I'm freakin' baffled...
I was trying (again) to hone up my "practice" razor, sailing along fine (I've got so many hours in humping my hones that the muscle memory is set now) started again at 1k, banged up through to 8K... shave hairs off my arm no problem, TPT feels good and sticky, move up to the C12k, 60 or 80 laps, every lap perfect, feather light touch, light slurry diluted as I go, feels good, .... except now it won't shave hairs any more... ***!?!? This same routine worked wonders on the Torrey I restored last week, but just doest seem to work on this razor......
Any ideas what's going on? Could I be "over-honing"?
 
I'm freakin' baffled...
I was trying (again) to hone up my "practice" razor, sailing along fine (I've got so many hours in humping my hones that the muscle memory is set now) started again at 1k, banged up through to 8K... shave hairs off my arm no problem, TPT feels good and sticky, move up to the C12k, 60 or 80 laps, every lap perfect, feather light touch, light slurry diluted as I go, feels good, .... except now it won't shave hairs any more... ***!?!? This same routine worked wonders on the Torrey I restored last week, but just doest seem to work on this razor......
Any ideas what's going on? Could I be "over-honing"?

Normally I would have said the TPT would blunt the blade but you did it before you finished it, so no problem there. A C12K cuts too slow to really do much damage but it would depend on your razor (steel). Was this a wedge of sort?

The only time I run into this is when I progress to quickly from bevel setter to mid/course hone to sharpening and polishing. Sometimes blades are finicky and if you move to the next hone you may have this problem. If you have a Norton 4/8 combo try a pyramid starting with 15 strokes instead of 25. It's worth a shot since you'll have to start over (sorry:cursing:).
 
Thanks for the reply Azmark,
No Nortons here, Japanese synthetic 1,4,8K and C12 K. No wedge, just a generic Solingen 5/8 full hollow.
She seemed to be really good until the 12k.
Since I've ever only honed one other blade sucesfully I'm no kind of expert, but it "felt" right before I moved up to the 12 k. BWTHDIK? I've spent so much time on this finicky blade that I'm sure the bevel is good (I probably didn't need the 1k) It seemed to feel pretty good on the 12k, but that stone doesn't seem to offer much feedback, but maybe that's typical at that grit. I figured I was safe to bang out 100 laps without creating a wire edge. And I didn't do even that many.
What confuses me is that at the 8k it was almost sharp enough to shave with, but 60/80 laps later it wasn't.
Does the pyramid really work? It seems so counter-intuitive: I've sanded enough wood in my life, I would never consider going back in grit to try to get a smoother finish. But maybe I'm trying to compare apples to oranges.
Worth a try; nothing to lose, except a little elbow grease.:biggrin1:
 
TPT will not dull a blade, if you do it properly.

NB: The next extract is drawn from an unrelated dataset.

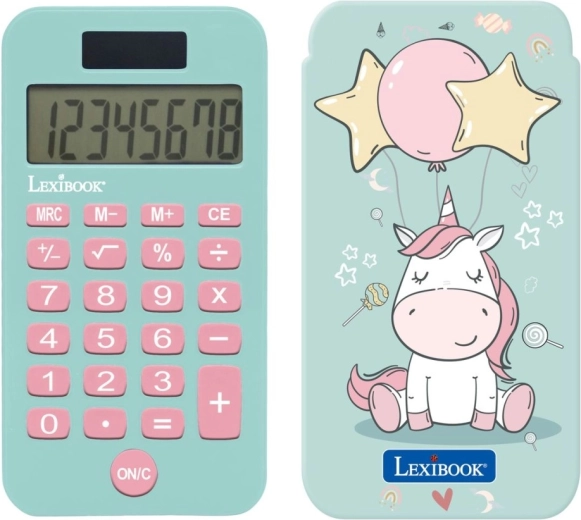 Vrecková kalkulačka s motívom jednorožca LEXIBOOK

An edge should feel sticky sharp off the 1k, then, I find, off a 4 or 5k it will actually feel duller, but that is because the stickyness is gone and yet the edge doesn't feel "holy *#*@# this is sharp" yet. From there on up, the edge will feel more like "If I press any harder, this will cut me." Unfortunately, the only way to calibrate TPT is to know that you are getting your edges where they need to be off every hone and then touch them. Early on, you can do this by sitting with someone who knows how to hone and touching their edges in between each hone. This is part of why I put so much emphasis on attending meets or finding a honing buddy.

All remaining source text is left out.